Tuesday, May 19, 2009

Maintaining Your Asset Allocation

In a very unscientific poll of a few acquaintances who claim to have a fixed percentage asset allocation between stocks and bonds, I asked whether they did any trading to maintain their percentages through the recent stock market turmoil. It turns out that none did.

The idea behind asset allocation is that when bonds are cheap, you sell some stocks to buy more bonds, and when stocks are cheap (as they were a couple of months ago), you sell bonds to buy stocks. If done properly, you are buying low and selling high.

However, if the few people I spoke to about this are any indication, even investors with a fixed plan often aren’t managing to follow their asset allocations at the very time when it would be most beneficial.

It takes courage to buy when the world seems to be crashing down around you. However, a financial plan isn’t worth much if you don’t follow it.


  1. Sadly, it's far too easy to become frightened - just as the time when it's most advantageous to make a change in one's allocation of assets.

    I think it's just human nature to fear buying stocks as they crash or sell them as they surge.

    The only solution that works is to have the discipline to make needed changes every six months or year, regardless of the market prognostications of the investor.

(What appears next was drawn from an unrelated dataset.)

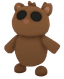 Tarsier
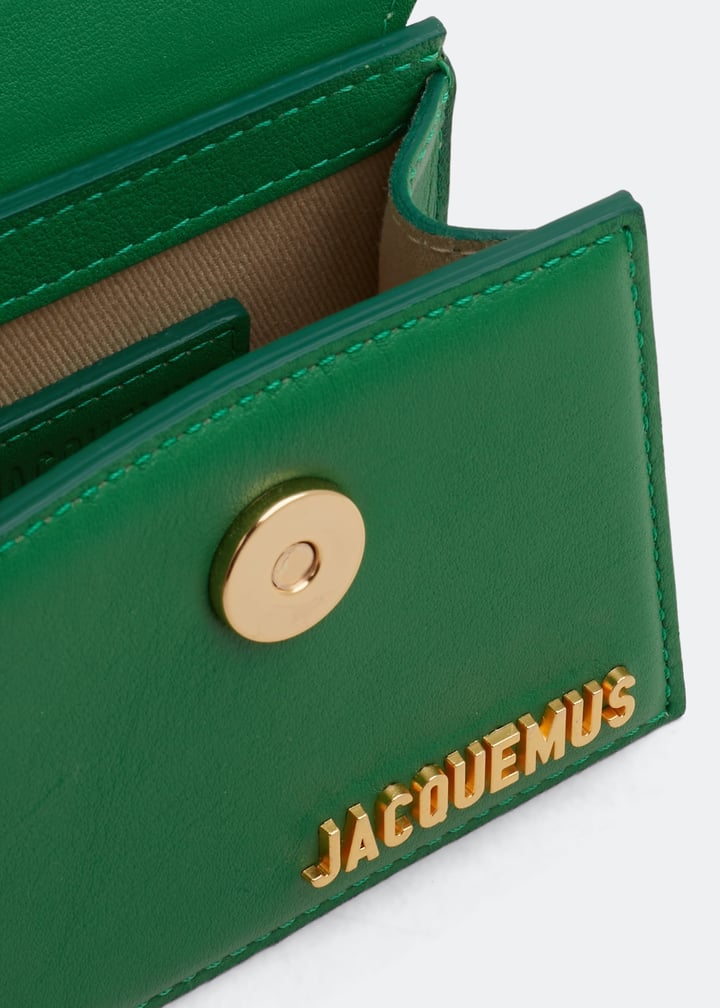 22e213ba0013037-green_6.jpg?ts=20220505182531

  2. Michael, I had a look at my allocation and it wasn't far off my targets despite the turmoil. I think some equities like European markets fell more than others but by the time I was getting round to doing the rebalancing trading, prices had changed again and things were in close enough match to my target allocation that it wasn't worth it.

  3. Canadian Investor: Does your asset allocation include bonds? If so, they must have swelled well beyond their normal allocation, and you lost an opportunity to trade some of them for cheap stocks.